Page 12 of Blade


Font Size:

“Have you at least started on her room yet?”

“I don’t want to talk about this anymore,” I said, picking at my potato salad with my fork. “I’ll get to it in my own time.”

“I’m just saying-”

“I said no.” My words came out harsh, but I didn’t take them back.

The rest of our dinner was awkward, with the heavy weight of the topic I refused to discuss hanging over us. I hated the tension in the air, but I couldn’t talk about this. Didn’t he understand that I wasn’t ready?

Jason left while I was clearing the table, suddenly eager to get home to Lexie. At least some good came from this.

Damn, I wanted a cigarette.

Instead, I popped a stick of gum into my mouth, glad that I had thrown out every pack I had in the house when I committed to quitting. I knew myself well enough to know that I would cheat if there was a single cigarette in the house.

Now that I was alone, the house was too quiet. So, I tried flipping through the TV channels, but Jason’s words lingered in my mind. I knew that he was right, but I felt like I was still reeling from the news of her death, unable to fully believe that she was never going to walk through the door again. It had been six months; shouldn’t this get easier?

“Fuck it,” I said out loud to myself.

I walked down the hall in the back of the house, passing by my bedroom and opening the door at the end of the hall. The room looked the same as it did the day my mom left and never came back. It was just like any other day. I was at Ink Envy while she ran errands. She was at the pharmacy when she collapsed.

It was a brain aneurysm. The coroner said that she probably had it for years without even knowing. It ruptured, and she was gone before she even hit the floor. I supposed that should’ve been a comfort, but everything felt too surreal.

I crossed the room, taking a seat on the bed. There was a romance book upside down on the nightstand, only halfway finished. I picked it up, closing it. As I ran my fingers over the cover, I felt a wave of burning anger. I didn’t have an outlet for it, knowing that there was no one to blame for what happened.

Unless I wanted to lay the blame on fate or God or something intangible like that. But what good would that do?

I left the book on the unmade bed and crossed to the closet. Opening it, I saw an untidy pile of shoes on the floor and rows of dresses hanging above them. It was nothing special. I should just box it all up and donate it. I could turn this room into a guest bedroom. It was meant to be the master suite, so it was bigger than my room, but I didn’t think I could ever claim it as my own.

And then what would I do?

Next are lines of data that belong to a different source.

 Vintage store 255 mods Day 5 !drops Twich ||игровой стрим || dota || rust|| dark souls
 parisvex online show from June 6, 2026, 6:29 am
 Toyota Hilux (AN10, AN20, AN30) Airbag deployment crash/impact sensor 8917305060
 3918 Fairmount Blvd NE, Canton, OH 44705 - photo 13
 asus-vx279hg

Redecorate the living room? The kitchen? Erase all traces of my mom and move on with my life? Maybe that was the healthy thing to do, but it made everything real. I knew that I was weak, but I didn’t want to face that reality yet.

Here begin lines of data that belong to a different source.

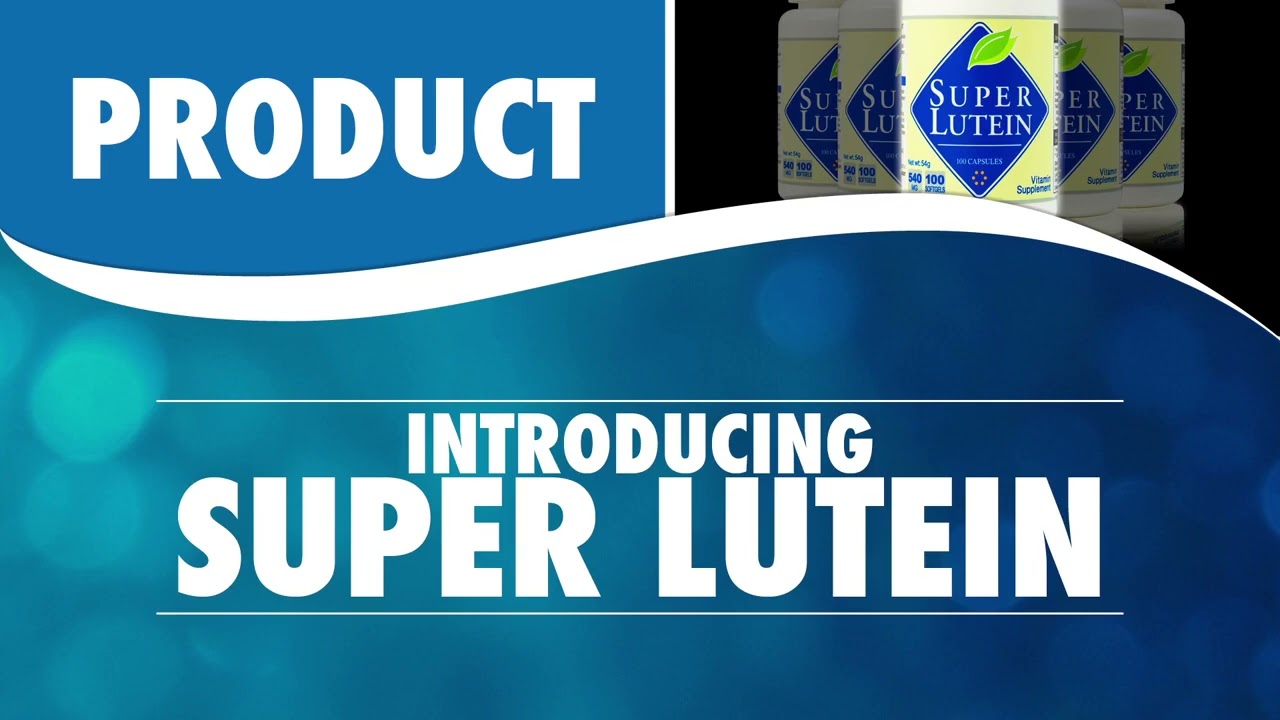 Team Nova Naturally Plus Global Opportunity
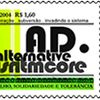 Foto de: Alternative Disritmcore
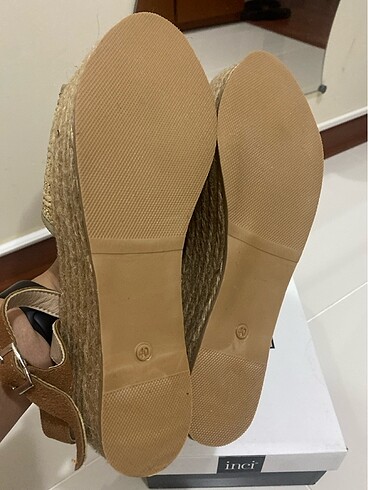 Temiz şu an mağaza fiatı 1000 tl - Görsel 6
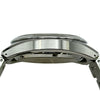 グランドセイコー Grand Seiko エボリューション9 コレクション メカニカルハイビート 36000 ブティック/サロン/マスターショップ限定 SLGH005(9SA5-00C0) 白樺ダイヤル ステンレススチール 自動巻き メンズ 腕時計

So, I walked out of the room, closing the door behind me. I grabbed a bottle of beer from the kitchen and continued outside, resuming my seat on the patio. I was tempted to go out, but I felt like I had to prove something to myself. I could spend the evening here alone.

It might be the best way to begin moving on.

Yet, deep loneliness echoed inside of me. I just wasn’t sure what to do about it.

Six

Blade

I was just stepping out of the shower, with water running in rivulets down my body, when my cell phone started ringing in the next room. I snagged a towel off the rack and raced out into the bedroom, only to scowl at it when I saw the name on the caller ID. Still, I accepted the call, sure that he’d just call again if I ignored him. He always got his way.

“Hey, Dad,” I said with a sigh. Putting the call on speakerphone, I set the phone down on my dresser and started drying off.

“William.” He already sounded tense, and it was only seven in the morning.

“Blade, Dad. I go by Blade.”

“That’s not the name your mother and I gave you. Speaking of your mother, I’m sure you know her birthday is next week.”

Ididn’tknow that, but I probably should have.

“Okay. What’s the plan?”

“I want you to meet us for dinner on Sunday. Bring a gift.”

My parents lived in Santino Bay, just two hours north of La Playa. It was a gorgeous ride, even taking the back roads. The ocean was constantly on one side, and the other side was mostly valleys and farmland with the far-off Blackridge Mountains as a backdrop.